Just today, Wan Azizah said it was haram for Muslims to support the LGBT community. Although Marina Mahathir has hit back at the comment, Mahathir himself told us that “Muslims would be offended if we accept these [LGBT] values” as the talk of LGBT rights pushes against the beliefs of the majority.
“A man kissing a man looks so odd!” he exclaimed at one point.
If this is the stance of those in the highest positions of power, the struggle for LGBT equality in Malaysia still has a long way to go—not that Malaysian activists need me to tell them.
I came out of the meeting with few answers but a little more clarity. Although he’s been talked up as a champion for democracy in Malaysia—don’t we all love a clear-cut narrative—there are many ways in which Mahathir hasn’t changed. He’s still got his problematic views and stubborn positions, his own way of seeing things.
(“I should hope during my time, it wasn’t too harsh,” he said at one point in our meeting, while on the subject of human rights like freedom of speech. Later, he pointed to activist Hishamuddin Rais, who had been arrested and jailed under the Internal Security Act, and joked, “He was my former enemy.” Isham was the one who organised this meet—another example of the mind-bending twists in Malaysian politics.)

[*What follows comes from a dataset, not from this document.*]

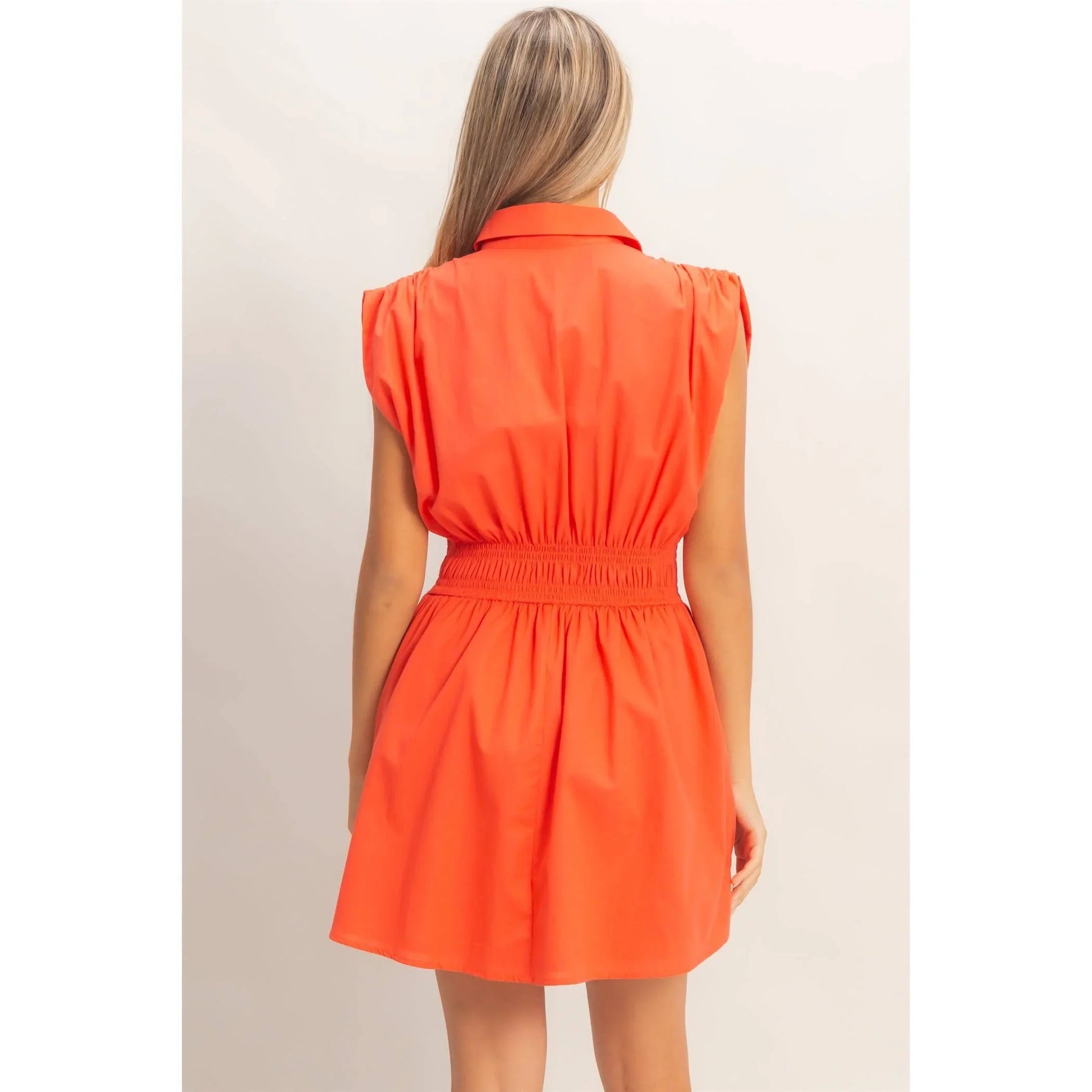 Vibrant orange sleeveless dress with collar and elastic waist, perfect for stylish summer outfits.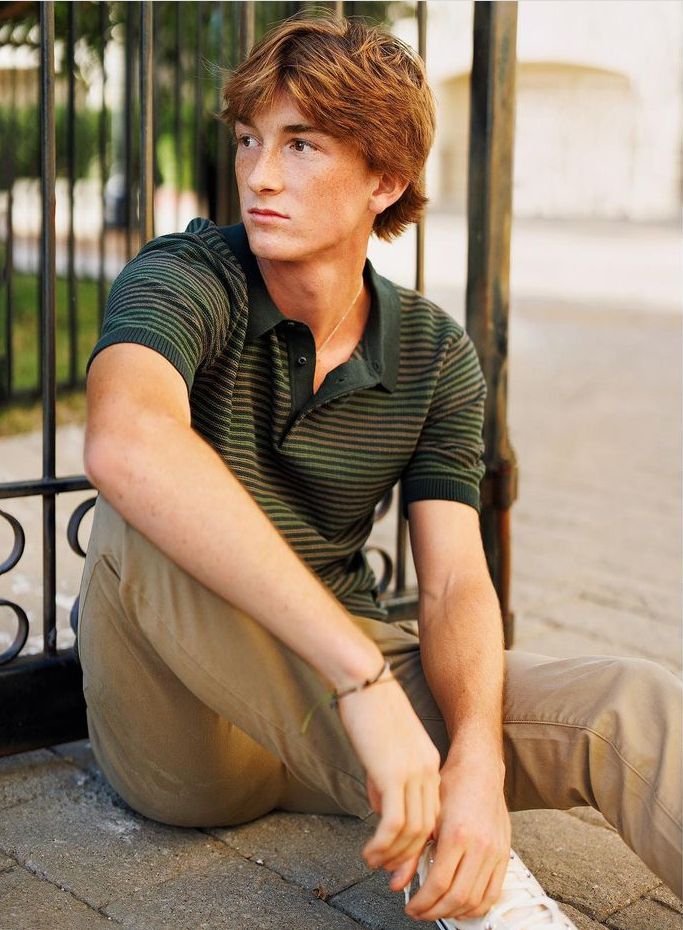 a young man sitting on the ground next to a black iron fence with his foot propped up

But there is change in this Malaysia. For the first time, an opposition Member of Parliament has been appointed to head the Public Accounts Committee, and there have been moves towards greater separation of powers.
“I as PM have become a victim of my own policy,” Mahathir joked, referring to the manifesto promises Pakatan Harapan had made about reform and democratisation before their unexpected victory.
Herein lies the power and potential of this new Malaysia; the shift that gives me, a journalist and activist working in the country next door, some hope and inspiration. Regardless of one man’s opinions, the people of Malaysia have moved the needle. There were expectations and demands, built on years of political education and civil society struggle, that political parties felt they had to appeal to—now they have to be made to live up to their promises. Savvy politicians like Mahathir (and he is a brilliant politician) are well aware of how the wind is blowing.
It’s not for me to tell Malaysians what to do; if anything, I should be the one getting advice from my Malaysian activist friends on outreach, education, and organising. My meeting with Mahathir—which I attended out of curiosity and sheer kaypoh-ness—didn’t result in any earth-shattering revelations or heart-stopping epiphanies. All it did was reinforce in my mind that we can’t rely on any one individual to “rescue democracy” or bring lasting, meaningful reform to a country. Democracy isn’t a commodity that can be acquired; it’s an ongoing project, an aspiration that all of us need to fight for, over and over again.